WHAT THE EXERCISE ASKS: Transcribe exactly the stretch of lines beginning at the one containing "Free patterns - Damskie" and closing with the last line of the entries below. Omit images.

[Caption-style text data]

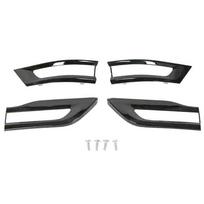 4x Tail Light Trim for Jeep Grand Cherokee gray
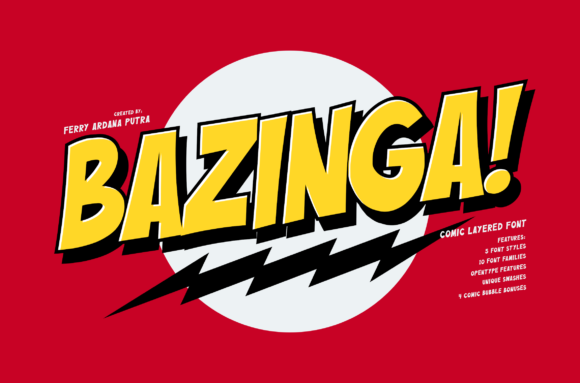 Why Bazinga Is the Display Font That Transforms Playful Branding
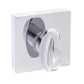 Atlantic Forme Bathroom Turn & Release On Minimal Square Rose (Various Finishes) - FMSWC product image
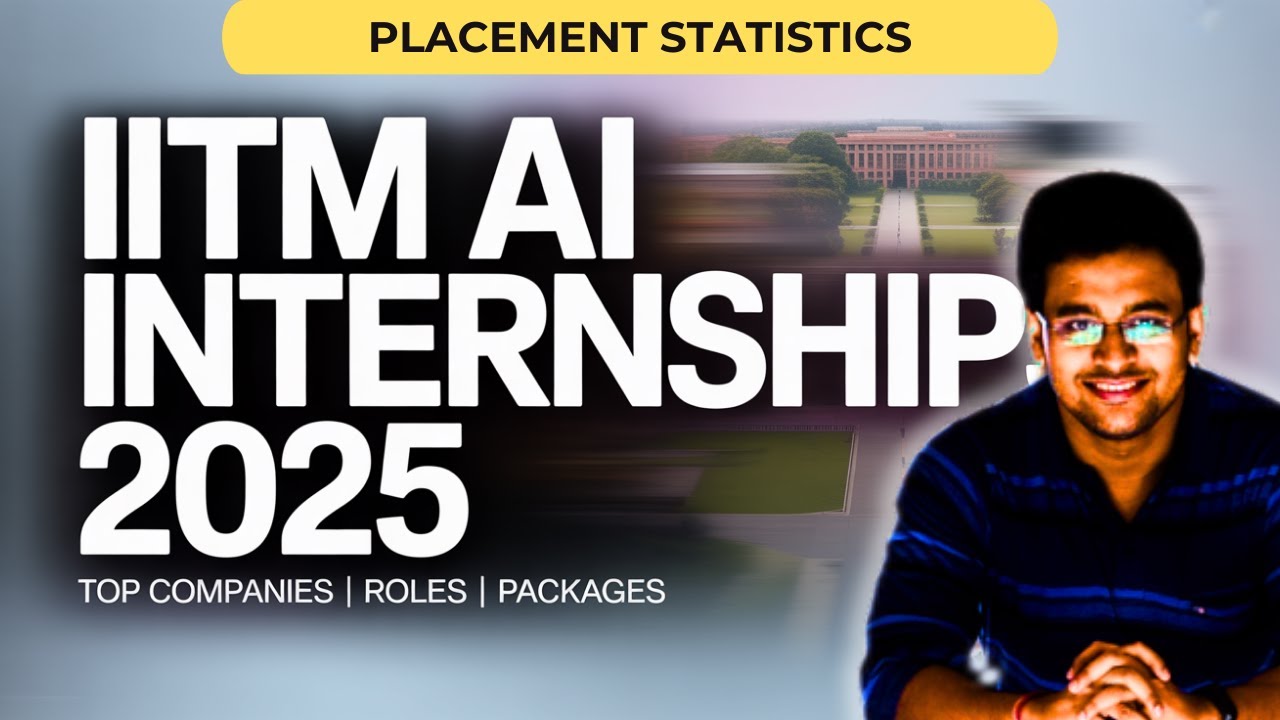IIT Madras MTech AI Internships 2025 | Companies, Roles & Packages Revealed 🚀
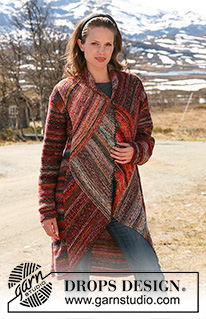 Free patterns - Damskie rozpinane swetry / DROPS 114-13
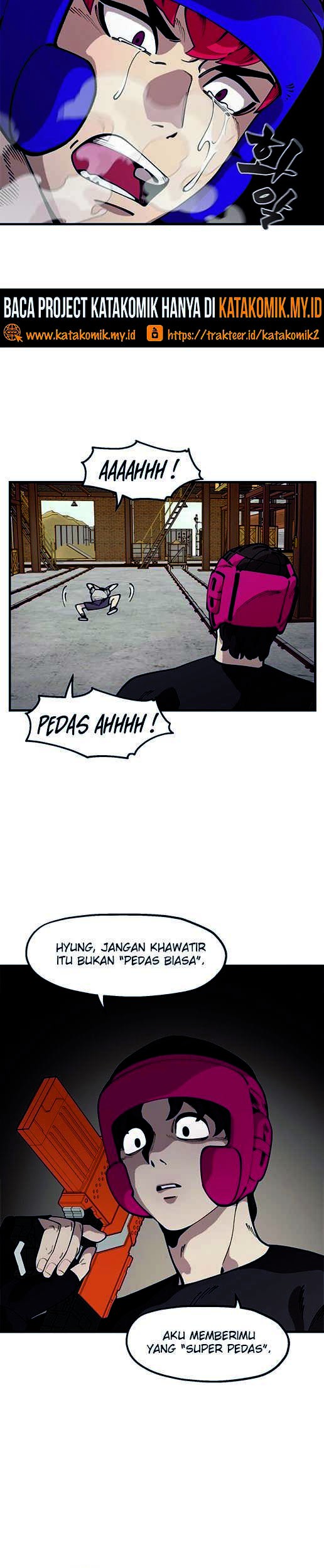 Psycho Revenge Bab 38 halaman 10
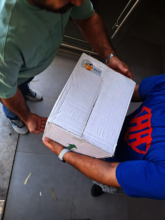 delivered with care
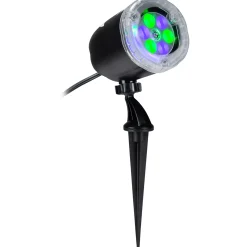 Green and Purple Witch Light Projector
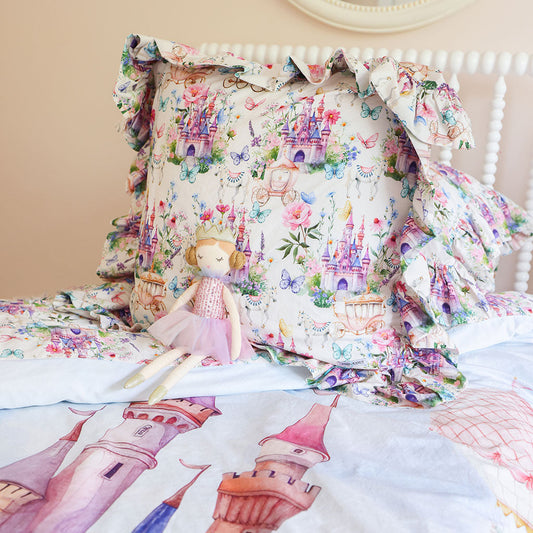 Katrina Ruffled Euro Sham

ANSWER SECTION:
 Free patterns - Damskie rozpinane swetry / DROPS 114-13
 Psycho Revenge Bab 38 halaman 10
 delivered with care
 Green and Purple Witch Light Projector
 Katrina Ruffled Euro Sham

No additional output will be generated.